Investing in tomorrow’s energy infrastructure


The global quest for more sustainable energy and the fact that some renewable power sources have become cheaper than fossil fuels have prompted a rethink of how we generate, store, transport and consume energy. However, fully embracing clean energy will involve refitting legacy pipelines, electricity grid networks and other infrastructure or building from scratch to develop new technologies. All of this requires investment.

Financing options range from government grants to pension funds to corporate bonds. But will the funds available match up to the level of investment required to set the energy sector on a course toward net zero emissions?

New connections

Among the many funding challenges on the horizon are: new infrastructure to connect the grid to local, renewable power generation resources; smart grids to accommodate small-scale residential and commercial energy generation; and the development of electric-vehicle-charging infrastructure near roads, workplaces and homes. In addition, huge investments are needed to reinforce or replace existing grid infrastructure to store and transport new fuels like hydrogen.

Infrastructure investments in Europe alone will reach €290 ($345) billion per year by 2025, according to a McKinsey report. Meanwhile in the US, President Biden’s Build Back Better plan contains a $3 trillion infrastructure funding package aimed at promoting clean energy.

The scale of the investment challenge worldwide to reach net zero emissions is many multiples of this. Which begs the question of who is going to foot the bill?

Switching to EVs depends on deploying sufficient vehicle-charging infrastructure
Switching to EVs depends on deploying sufficient vehicle-charging infrastructure

Risks and rewards

Traditional sources of finance like government grants and subsidy schemes will no doubt continue to provide a stable stream of funding for large infrastructure projects, and a low-risk investment opportunity for private funds and investors.

But this will not be enough on its own, and the push toward net zero emissions is also encouraging corporates and investors to find new ways of raising sustainable finance.

For example, companies such as Mitsubishi Heavy Industries (MHI) Group have issued green bonds to help finance renewable and clean energy projects, like wind power, hydrogen and geothermal energy.

Meanwhile, asset managers BlackRock and Temasek have joined forces to launch a series of investment funds aimed at accelerating efforts to reach net zero emissions by 2050. A combined investment of $600 million will create multiple funds to support technologies that reduce or eliminate carbon emissions.

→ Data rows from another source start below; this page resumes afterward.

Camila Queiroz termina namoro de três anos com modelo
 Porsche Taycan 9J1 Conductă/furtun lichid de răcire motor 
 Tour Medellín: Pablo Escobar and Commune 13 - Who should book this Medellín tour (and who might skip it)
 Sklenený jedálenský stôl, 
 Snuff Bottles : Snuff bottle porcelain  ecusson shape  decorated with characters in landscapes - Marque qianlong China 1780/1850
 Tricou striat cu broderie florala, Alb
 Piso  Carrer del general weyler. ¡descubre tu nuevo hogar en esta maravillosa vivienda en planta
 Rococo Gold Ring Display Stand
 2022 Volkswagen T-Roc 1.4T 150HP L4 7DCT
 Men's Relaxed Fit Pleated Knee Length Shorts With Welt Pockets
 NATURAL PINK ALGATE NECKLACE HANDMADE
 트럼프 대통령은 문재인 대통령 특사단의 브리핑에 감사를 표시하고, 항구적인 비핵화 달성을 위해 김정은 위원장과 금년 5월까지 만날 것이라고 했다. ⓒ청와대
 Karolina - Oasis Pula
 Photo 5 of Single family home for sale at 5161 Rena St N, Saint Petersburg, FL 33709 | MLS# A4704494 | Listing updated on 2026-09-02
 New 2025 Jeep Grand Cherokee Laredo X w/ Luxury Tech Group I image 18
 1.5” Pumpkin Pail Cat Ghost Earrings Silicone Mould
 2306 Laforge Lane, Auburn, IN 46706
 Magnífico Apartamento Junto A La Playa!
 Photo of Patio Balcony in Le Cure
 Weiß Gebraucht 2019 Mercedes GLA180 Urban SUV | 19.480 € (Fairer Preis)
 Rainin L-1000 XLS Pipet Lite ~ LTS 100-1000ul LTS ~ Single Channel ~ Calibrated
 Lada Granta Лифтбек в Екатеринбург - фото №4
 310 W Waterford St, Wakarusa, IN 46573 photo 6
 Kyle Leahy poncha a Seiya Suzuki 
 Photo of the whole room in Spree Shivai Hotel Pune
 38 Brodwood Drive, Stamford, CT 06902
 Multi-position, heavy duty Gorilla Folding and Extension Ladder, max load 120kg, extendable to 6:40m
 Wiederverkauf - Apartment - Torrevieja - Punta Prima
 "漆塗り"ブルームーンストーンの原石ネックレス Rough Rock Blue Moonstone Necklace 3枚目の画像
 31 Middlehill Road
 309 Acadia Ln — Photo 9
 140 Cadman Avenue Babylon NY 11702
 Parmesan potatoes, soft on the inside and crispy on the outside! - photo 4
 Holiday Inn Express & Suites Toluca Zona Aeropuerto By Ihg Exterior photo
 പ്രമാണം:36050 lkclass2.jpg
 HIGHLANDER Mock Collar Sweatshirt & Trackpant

The funds will also raise third-party capital, with the first fund targeting $1 billion in investment.

Furthermore, leading investment banks like JP Morgan, BofA Securities and Crédit Agricole are setting ever higher targets for providing green loans to support clean energy projects. French bank Société Générale is targeting €120 billion (around $145 billion) in energy transition finance between 2019-2023, for example.

Such developments are a reflection of shifts in the market.

“The market is changing and investors are looking to put their money into energies, industries and jurisdictions taking meaningful climate actions, and divesting from those that in their view are not,” Seamus O’Regan, Canada’s Minister of Natural Resources, told the IEA-COP26 Net Zero Summit in March 2021.

The greatest opportunity

O’Regan further emphasized the vital role of policymakers in providing incentives to develop and scale up new technologies and minimize risks. Policy moves like the 45Q tax credit scheme in the US encourage investment in carbon capture, utilization and storage (CCUS) projects, for example. While wind energy projects have received a boost with the extension of the US wind energy production tax credit (PTC) through 2021.

Just as investors can see that sustainable investment makes not only environmental but also financial sense, so too are politicians now aware of the political capital that can be generated through investment in green technologies and the jobs that they can create.

Also speaking at the IEA-COP26 summit, John Kerry, the US Presidential Special Envoy for Climate, said: “This is the greatest economic opportunity we’ve ever had. We are looking at the biggest job market ever known. Every task we have – building out the grid, solar power, wind power, building out hydrogen, batteries, switching to electric vehicles – will all create jobs.”

The question that remains, is whether policymakers’ ambitions and investor appetite will enable the world to fully realize this opportunity and to successfully achieve net zero emissions.